DETERMINING THE COMPOSITION OF SOLID WASTE FORMED AT THE BAKU STEELMAKING PLANT USING THE SPECTROMETER S8 TIGER

ABSTRACT

In our research, the composition of solid waste slag collected from this facility was analyzed using the modern X-ray fluorescence (XRF) S8 TIGER spectrometer. Bruker XRF spectrometers combine simple and fast sample preparation with the highest accuracy in elemental analysis, covering concentration ranges from 100% down to the ppm level. Until now, an in-depth analysis of the composition of slag waste generated at the Baku Steelmaking Plant has not been conducted. Based on the research findings, it is possible to substantiate the significant economic and environmental benefits of assessing the ecological impact of this slag waste and its potential reuse in secondary steelmaking.

АННОТАЦИЯ

В ходе наших исследований состав твердых отходов — шлака, собранных на этом предприятии, анализировался с помощью современного рентгенофлуорецентного (РФА) спектрометра S8 TIGER. Спектрометры XRF компании Bruker сочетают в себе простую и быструю подготовку образцов с высочайшей точностью элементного анализа, охватывая диапазоны концентраций от 100% до уровня ppm. До настоящего времени глубокий анализ состава шлаковых отходов, образующихся на Бакинском Сталеплавильном заводе, не проводился. На основании результатов исследования можно обосновать значительные экономические и экологические преимущества оценки воздействия этих шлаковых отходов на окружающую среду и их потенциального повторного использования при вторичном производстве стали.

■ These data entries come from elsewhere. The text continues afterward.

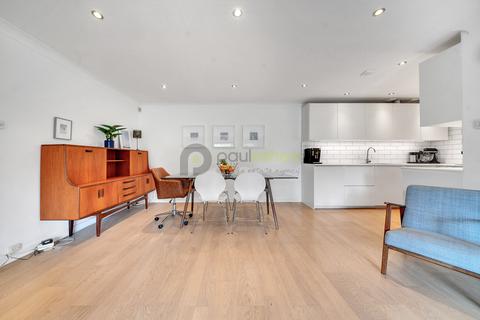 60 Campion Close, Croydon, CR0 5SN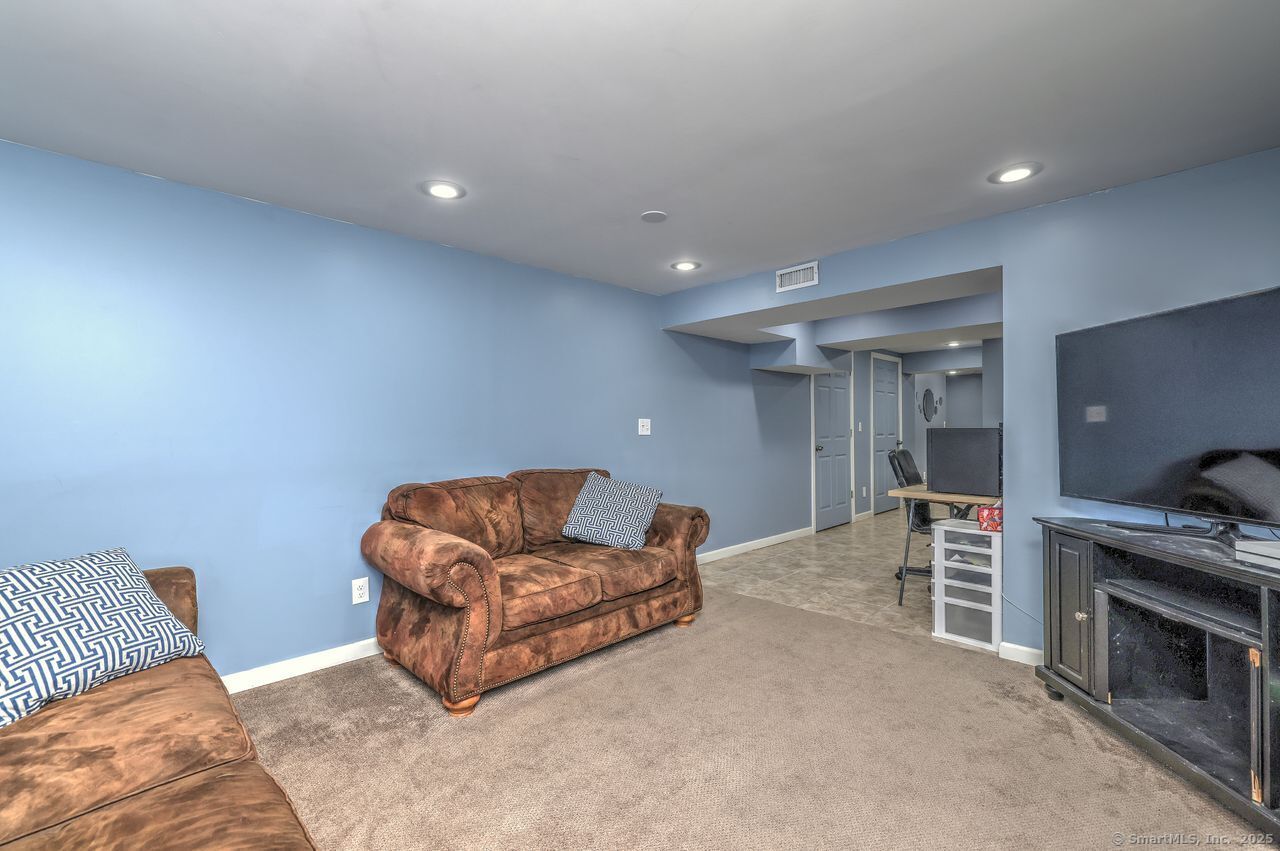 79 Sunnycrest Road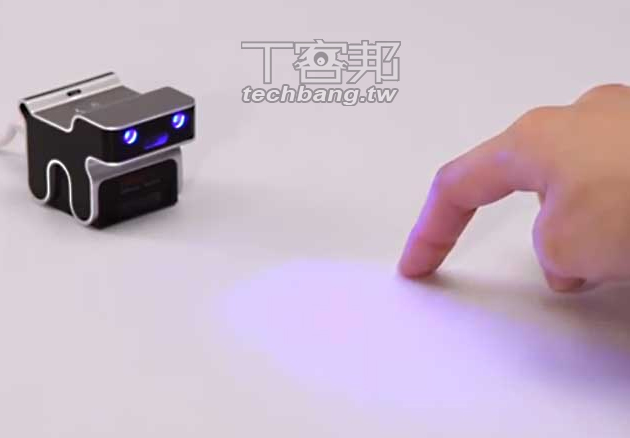 Magic Cube 實測：雷射投影變鍵盤，還可當做觸控板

Keywords: secondary steelmaking, slag waste, spectrometer, concentration, X-ray fluorescence.

Ключевые слова: вторичная выплавка стали, шлаковые отходы, спектрометр, концентрация, рентгенофлуорецент.

Introduction

As is well known, solid waste generated in various industrial sectors plays a significant role in soil and groundwater contamination over time, depending on its composition. Solid production waste-slag obtained in the Secondary Steelmaking Industry varies in composition and environmental impact. Therefore, determining the composition of solid waste generated at the Baku Steelmaking Plant is one of the most pressing environmental issues. To address this problem, the first step is to analyze the composition of this solid waste using modern equipment and conduct an environmental assessment, which is considered a crucial ecological study.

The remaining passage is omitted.